Jake Arrieta has wanted to be “the guy” for the Orioles. He loved getting the ball on Opening Day. He loves competing. And he was crestfallen when he was taken out of the rotation because of ineffectiveness earlier this month.
But he got a reprieve when Brian Matusz was pushed back because he bunted a ball off his face. Arrieta took Matusz’s start against Pittsburgh and dominated (seven innings, one hit, nine strikeouts). He also pitched well in his next outing, but got the loss when he gave up a grand slam to Ike Davis in the sixth after holding the New York Mets scoreless through five innings.
Another real test comes this afternoon, when Arrieta goes up against the Washington Nationals at home. For the Orioles, it’s a chance to win the three-game series against a good club and to capture the season series versus the Nats.
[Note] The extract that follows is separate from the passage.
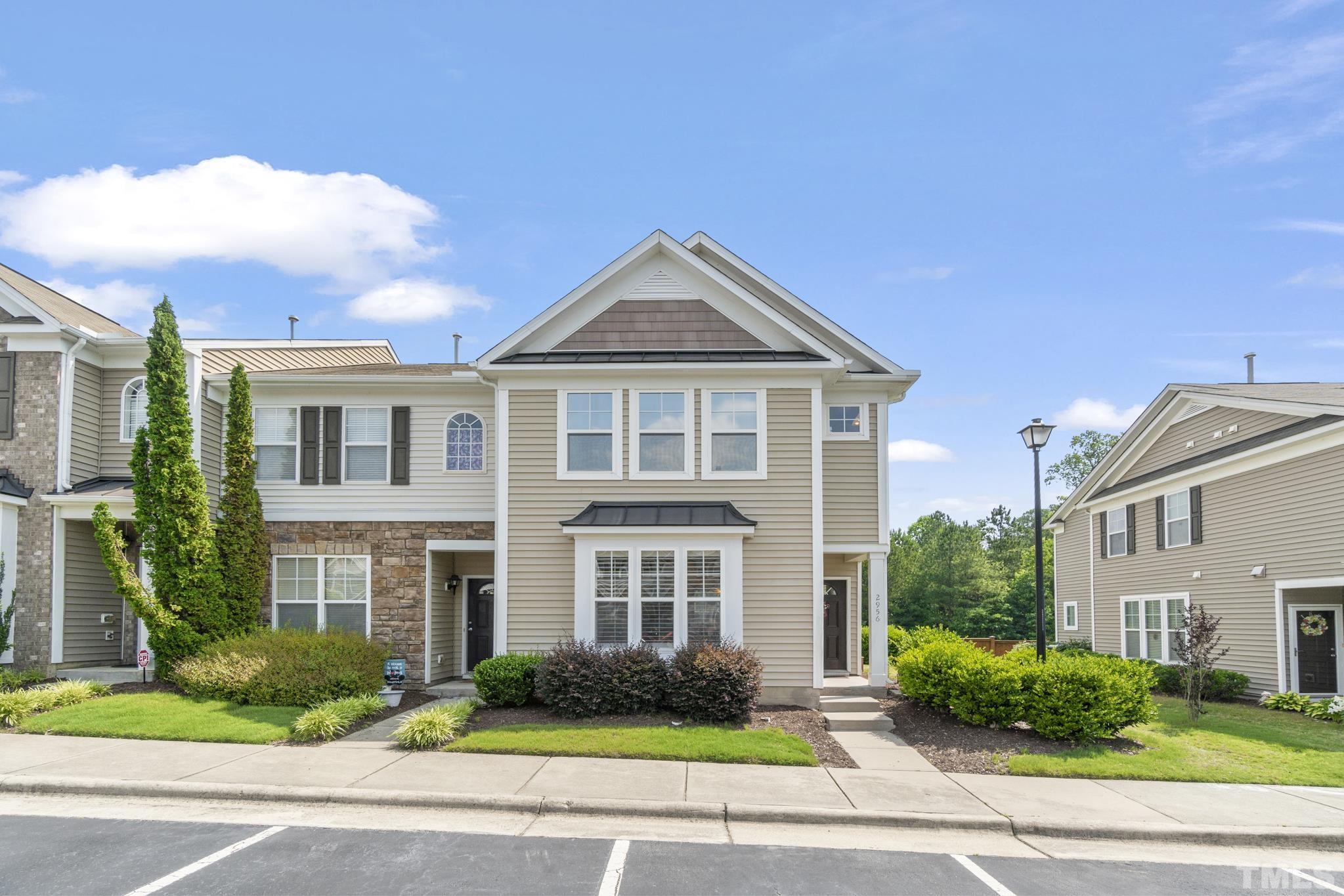 2956 Casona Way Raleigh, NC 27616 - Photo 2 of 27 a front view of a house with garden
It also will kick off a tough homestand – the LA Angels and Cleveland Indians are coming in – in a winning way.
Personally for Arrieta, a good showing is key for several reasons. He has struggled this year at Camden Yards (2-5, 6.85 ERA in nine starts). And though he pitched well in his lone game against the Nats this season (a seven-inning, one-run no decision on May 18), he is 0-1 with a 7.20 ERA in three games versus them in his career.
But more than that, Arrieta can’t afford a rough outing right now. Chris Tillman and Zach Britton are a phone call away at Triple-A Nofolk. And he could always get pushed back to the bullpen again if he’s not producing.
The feeling within the organization is that Arrieta has responded well since he was taken out of the rotation. That he is thinking less and letting his excellent arsenal take over. But he needs to show consistency, and, after a pedestrian line in his last start, it would do his confidence – and the confidence the club has in him – a world of good if he shows he is still on the right track.
The Nats’ offense has scored more than four runs just once in the past eight games.